According to Dennis Roarty, member of the Board of Directors and past president of the DIAC, Mann and Mayor Rick Meehan took over the parade in its second year and have grown it into an enormous event today. At the time, Mann owned an Irish bar on the Boardwalk, McGee’s (now Shenanigan’s), and convinced the club to have the parade on a Saturday, and with Meehan’s help they secured the 45th Street Village parking lot for the festival grounds.
“It has grown into a monster,” Mann said.
Hand-in-hand, the DIAC and the St. Patrick’s Day parade took off. The DIAC was founded in 1980 and has grown from 20 members to now 400 paid members and the parade has grown from a few cars to 130 entries as 100,000 people crowd the streets to take in the festivities.
“It [parade] is the second largest in Maryland, the only parade that is bigger is in Baltimore, but we are the most fun,” Mann said.
For this year’s event, Mann said that he is expecting parade entries to increase by 30 percent from last year because Baltimore’s and Ocean City’s parades fall on different weekends this year. Consequently, Mann said entries from Baltimore are booked for the beach version.
Mann said that he never expected the parade to grow into the event that it is today. He said a survey was taken by a hotelier last year and resulted in 62 percent of their guests were in Ocean City that weekend because of the parade. Also, Realtors will tell you visitors plan long weekends ahead of time to ensure they are in town over St. Patrick Day weekend to take part in the parade.
There are families that travel thousands of miles to come to Ocean City for family reunions this weekend for the past 20 years. He added that restaurant owners will be the first to tell you it is one of their busiest days of the year.
“It has been a great journey, it really has,” Mann said. “You can always expect a fun day. You’ve got to admit an Irish parade is always fun.”
Ocean City’s St. Patrick’s Day Parade includes the Chesapeake Caladonia Pipe and Drum Band and the Ocean City Pipe Band, the Stephan Decatur and Sussex Central High School marching bands and many floats decorated in the spirit of the holiday. Trophies will be awarded for best marching band, best commercial float, best non-commercial float, best motorized unit, best adult marching unit, best youth marching unit, special committee award and best overall entry in the parade.
This year’s grand marshals are Harry and Kathy James who moved to Ocean View, Del. 10 years ago and one of the first things they did upon arrival is join the DIAC. The couple has become very involved with Project Children, a group that has been bringing children from Northern Ireland to spend four to six weeks with families here in the states for 37 years.

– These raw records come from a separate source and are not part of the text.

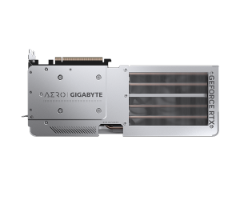כרטיס מסך - Gigabyte RTX 4070 Ti AERO OC 12GB RGB PCIE 4.0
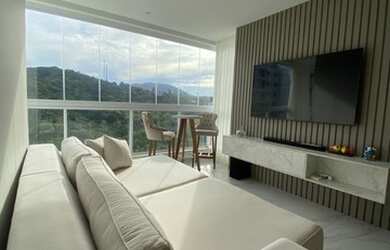 Imagem 6: Locação Anual Apartamento com 2 dormitórios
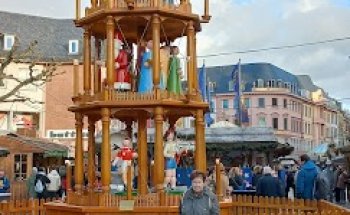 l'tur Reisebüro Mainz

They have been a host family for 19 children over the last 15 years and have also gone to Northern Ireland to visit the children, who many have grown and formed their own families.
To this day, Mann is in charge of the parade; Meehan organizes the 45th Street festival; and Roarty jumps in to assist wherever and however needed. The event couldn’t occur without the hundreds of volunteers helping out in some kind of aspect of the event.
The Irish Festival on 45th Street will kick off at 11 a.m. and will have a stage with live music, Pat O’Brennan Trio, and Footsteps Irish Dancers will perform. Food and drink will be available and everything purchased goes into a scholarship and charity fund.
“Probably in the last 10 years, we have been able to average between $15,000 and $20,000 in scholarships plus another $5,000 to local charities and youth teams,” Mann said. “Its all-volunteer and we just give it all back.”
Roarty said this year’s parade will be the biggest ever and will have record breaking crowds
“From a parade participant point of view, the spectators are as interesting as the parade itself,” he submitted. “Walking down the highway seeing generations of Irish descendants all dressed up in green, can’t help but make you smile. They’re certainly having an Ocean City memory.”
Mann said he always looks forward to walking down the street and seeing the excitement and the thousands and thousands of kids watching the parade. He added that the weather forecast looks perfect for the big event.